Ars Legatus Legionis
28,408
Subscriptor++
I'm curious, do you have any automation set up to trigger a shutdown when available solar power drops below a certain threshold? Or do you just manually boot it in the morning then turn it off at night?

The process is manual. I do have the machines set up for wake on LAN, so I can power them on from the house if I want, but powering them on is purely manual, powering them off is either manual or a time based thing (I have a scheduled event that I move throughout the year to shut down in the evening if I've not shut them down earlier).

I've debated doing the sort of automated controls that would look at output, look at weather forecasts, and do the control automatically, but it just doesn't gain me much, and I'd have to rig something for air conditioner control as well (I'll let it run in eco mode overnight if I've got good sun during the days, but if it's cloudy, I shut that down too to save on power). It's not a big deal to walk out there and toggle stuff, and I also factor in a couple days ahead of both weather forecasts and my intended use. If it's a Friday afternoon, with a sunny Saturday forecast and I'm not going to be out there, I'll let it run later in the evening than if I'm going into a few cloudy workdays.

I just figured the time I'd spend writing, troubleshooting, second guessing, and dealing with corner cases is far more than I actually spend toggling stuff on and off daily.

Sure. But wouldn't it be fun and interesting? :cool: hehe
 
D

Deleted member 32907

Guest
Sure. But wouldn't it be fun and interesting? :cool: hehe

I have no shortage of fun and interesting projects that have the side perk of being useful as well. :)

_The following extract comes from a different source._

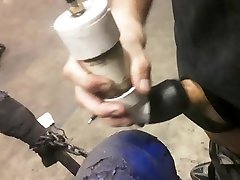 milking aril noa mesum on my cock. twitching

It's really interesting with these Xeons - some of the tasks are actually tight enough that they're running almost entirely out of L3 cache, with basically no memory accesses. Some thrash memory and struggle with IPC.
 

MadMac_5

Ars Praefectus
3,700
Subscriptor
Update: CPU units are coming in much more frequently now for Folding@Home, and are a mix of COVID-related and other work. GPU work units that I've been getting are all COVID-19 related.

Also, the most recent Moonshot "sprint" finished up yesterday; it started November 5th, and finished some time yesterday afternoon. We're making a difference!